# FreeBSB 12 Boot halts on RPi 3



## oitdmser (Jan 5, 2019)

I have a Raspberry Pi 3 (B+ i think). Been using FreeBSD 12 on a 64GB SD card successfully for several days as I work to get bitcoin core and electrum running. Many successful reboots without substantial issues per se, other than power issues related to the attached HDD. For the purpose of troubleshooting I have the external HDD disconnected. Note that boot halts at the same place regardless, right here at `ue0: Ethernet address: XX:XX:XX:XX:XX`. I'm not sure if it loads ethernet successfully then halts trying the next step or if there's something about the network that is making it halt.

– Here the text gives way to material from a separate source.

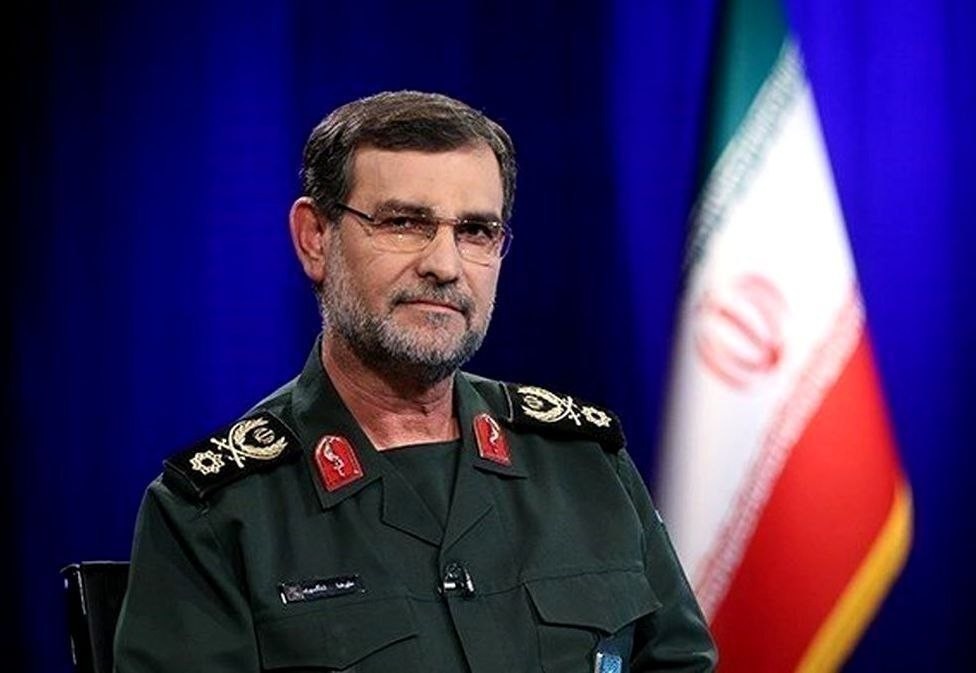 Morte de Comandante Iraniano Sinaliza Intensificação da "Guerra nas Sombras" e Seus Reflexos Globais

I've tried booting into single-user mode but am not having success. I'm told to halt the boot loader as it counts down and type `boot -s` but I'm not sure if I should do that at the first U-Boot loader (the one that pauses for 2 seconds then quickly progresses) or the second boot loader (the one the pauses for 10 seconds). Trying `boot -s` at the `U-Boot>` prompt simply returns the following error:

First boot loader (U-Boot):

Second boot loader:


Notes:
• Boot stops here regardless of whether ethernet cord is plugged in.
• My router is set to always assign the same IP to that MAC address, so I know what the IP should be. Pinging that IP address fails
• I have tried using `boot -s` from the second boot loader when I was experimenting earlier and it simply booted normally, it did not boot into single-user mode.
• I recently edited the /tmp ramdisk size from 50MB to 100MB. I did this on the fly and had no problems at the time.
• Swapping the SD card into a second, identical model, known-good RPi3 results in the same problem, likely ruling out a hardware issue on the RPi.
• I do have NTP running FWIW. I enabled the two NTP options in rc.conf, `ntpd_update=YES`and `ntdpd_sync_on_start=YES`. Is it possible bootup is stalling because ntpd can't get a time because networking isn't up yet?

Questions:

1) What are my next steps to troubleshoot?
2) If I do need to boot to single-user mode, how is that accomplished?


----------



## complexinput (Jan 5, 2019)

1. When it gets stuck at ethernet address, try "Ctrl-T" for more info and "Ctrl-C" to force close what it's stuck on.
2. I could never get hdmi/serial to work so I can't really help you here but I think the boot menu is disabled by default on the RPI.

```
root@raspberry:~ # cat /boot/loader.conf
..
# Disable the beastie menu and color
beastie_disable="YES"
loader_color="NO"
..
```


----------



## acheron (Jan 5, 2019)

It's probably growfs, either wait a large amount of time or remove growfs_enable in rc.conf


----------



## Spartrekus (Jan 5, 2019)

I did not manage to get working the 12.0 rpi freebsd

the one of my testing server is:
$ uname -a
FreeBSD generic 13.0-CURRENT FreeBSD 13.0-CURRENT r342020 GENERIC  arm64

FreeBSD generic 13.0-CURRENT FreeBSD 13.0-CURRENT* r342020 GENERIC  arm64 works very well.*

last pid:  5488;  load averages:  0.05,  0.01,  0.00    up 1+01:32:21  09:03:56
32 processes:  1 running, 31 sleeping
CPU:  0.0% user,  0.0% nice,  1.4% system,  0.0% interrupt, 98.6% idle
Mem: 5848K Active, 574M Inact, 23M Laundry, 161M Wired, 97M Buf, 143M Free
Swap:

if possible, give a try for 13.0, it may likely be working.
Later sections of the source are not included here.